By default awk will split fields of a line on a space character, so if we add more elements to the print statement for awk it will print the respective rows:
[user@host ~]$ tail access_log | awk {'print $1 " " $9 " " $10'} colosus.iucc.ac.il 404 635 dsl-151-197-17-34.phila.adsl.bellatlantic.net 404 647 k0.fujitsu.co.jp 200 2616 cache-db02.proxy.aol.com 200 495150 1cust125.tnt10.phoenix.az.da.uu.net 200 2572 1cust125.tnt10.phoenix.az.da.uu.net 200 81189 cage.suso.org 200 1822 cage.suso.org 200 2216 ai-209-247-40-220.alexa.com 404 551 ai-209-247-40-220.alexa.com 301 326 [user@host ~]$
sed is a great program for substituting text.
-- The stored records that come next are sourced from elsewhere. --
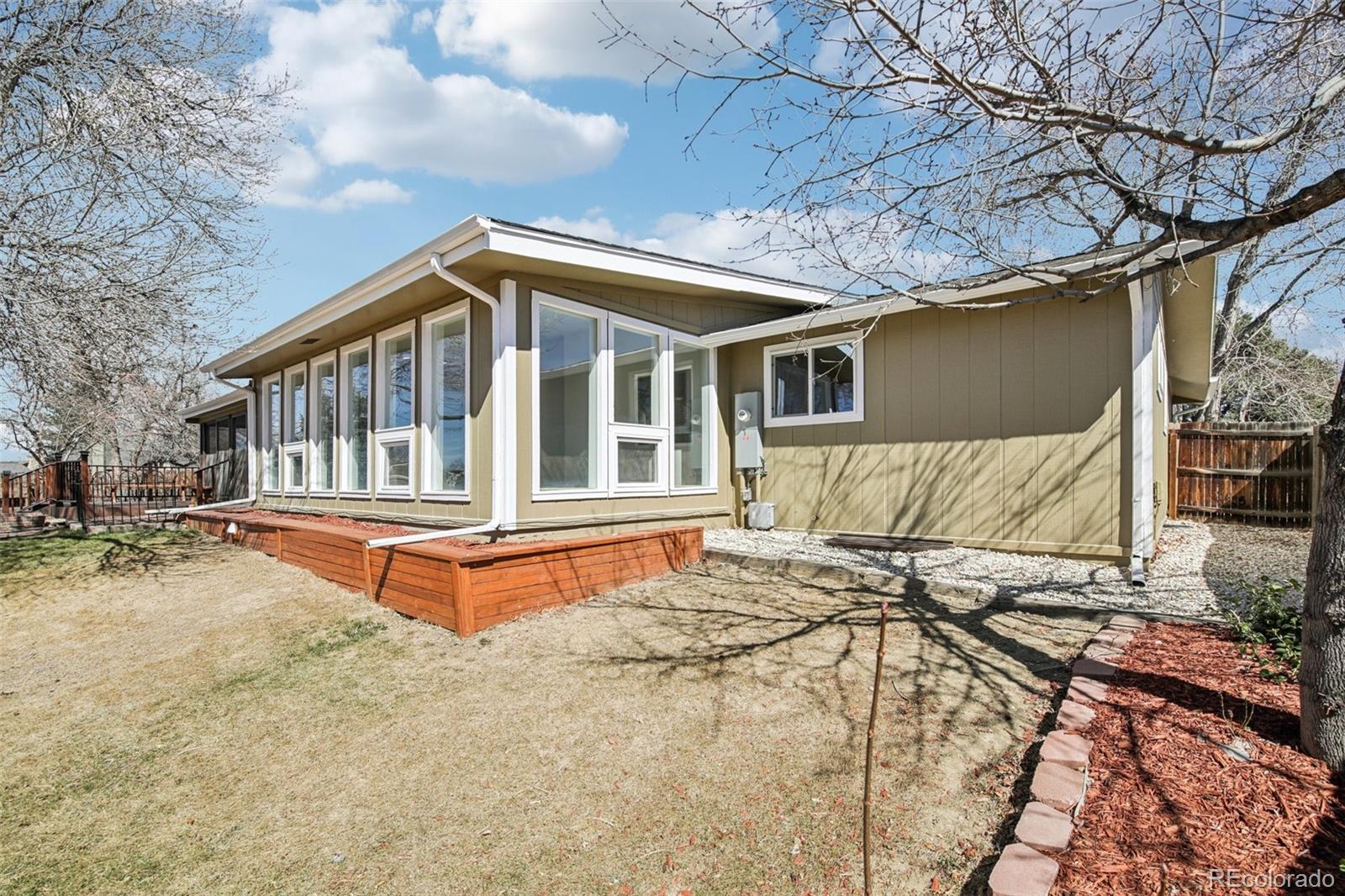 MLS Image #42 for 1151  goldenrod circle,broomfield, Colorado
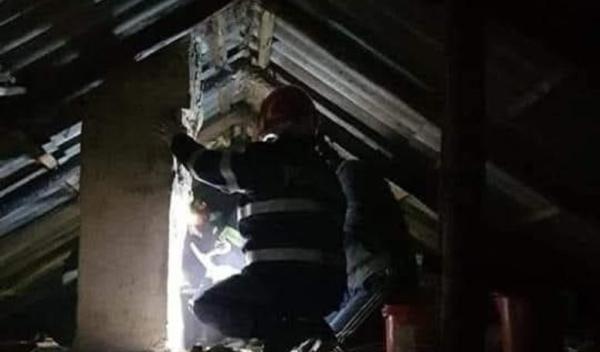 WhatsApp Image 2025-07-23 at 11.21.43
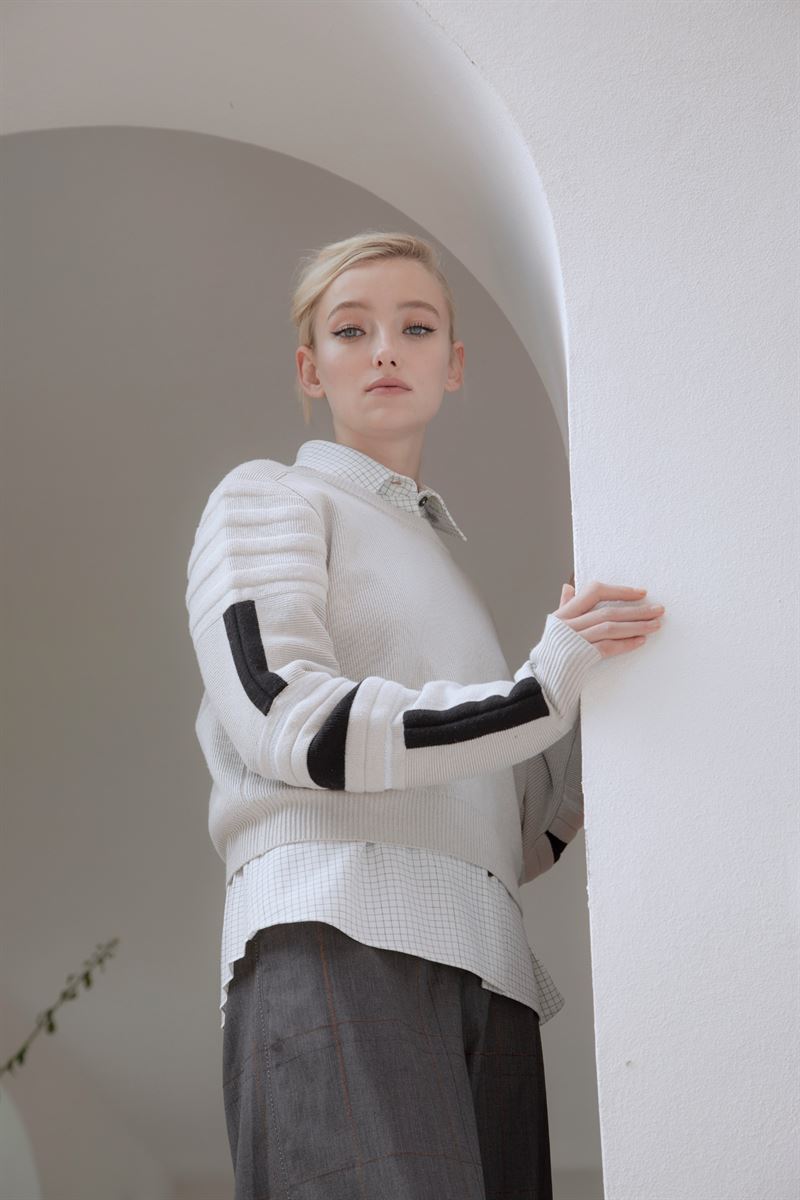 rose redding photo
Like awk, it does a lot more than just one function, but you'll probably end up using it a lot for making substitutions in text.
[user@host ~]$ cat names John Daggett, 341 King Road, Plymouth MA Alice Ford, 22 East Broadway, Richmond VA Orville Thomas, 11345 Oak Bridge Road, Tulsa OK Terry Kalkas, 402 Lans Road, Beaver Falls PA Eric Adams, 20 Post Road, Sudbury MA Hubert Sims, 328A Brook Road, Roanoke VA Amy Wilde, 334 Bayshore Pkwy, Mountain View CA Sal Carpenter, 73 6th Street, Boston MA
By using the 's' substitution command, we can substitute one string of characters with another. The 's' command takes two arguments delimited by '/' characters. What you are searching for goes in the first / / area and the second / / is the string that you want to replace it with. In this example, we substitute the two letter state abbreviations for MA and CA with their full name:
[user@host ~]$ cat names | sed 's/MA/Massachusetts/; s/CA/California/' John Daggett, 341 King Road, Plymouth Massachusetts Alice Ford, 22 East Broadway, Richmond VA Orville Thomas, 11345 Oak Bridge Road, Tulsa OK Terry Kalkas, 402 Lans Road, Beaver Falls PA Eric Adams, 20 Post Road, Sudbury Massachusetts Hubert Sims, 328A Brook Road, Roanoke VA Amy Wilde, 334 Bayshore Pkwy, Mountain View California Sal Carpenter, 73 6th Street, Boston Massachusetts
The previous example also shows how you can do multiple substitutions using the ; to seperate them. sed can also be useful is you want to fix syntax problems that stretch across all of your data. Notice that in the names file, the city doesn't have a comma after it, let's fix this:
[user@host ~]$ cat names | sed 's/ \([A-Z]\{2\}\)$/, \1/' John Daggett, 341 King Road, Plymouth, MA Alice Ford, 22 East Broadway, Richmond, VA Orville Thomas, 11345 Oak Bridge Road, Tulsa, OK Terry Kalkas, 402 Lans Road, Beaver Falls, PA Eric Adams, 20 Post Road, Sudbury, MA Hubert Sims, 328A Brook Road, Roanoke, VA Amy Wilde, 334 Bayshore Pkwy, Mountain View, CA Sal Carpenter, 73 6th Street, Boston, MA
The expression contains a few concepts that have been stated before but I will go over again. The first noticeable one is the use of the \( \) sequence. This will "remember" whatever is placed inside so that you can use it in the replacing expression. According to how many \( \) you used, you will need to use \1, \2, \3 and so on in the replacement expression.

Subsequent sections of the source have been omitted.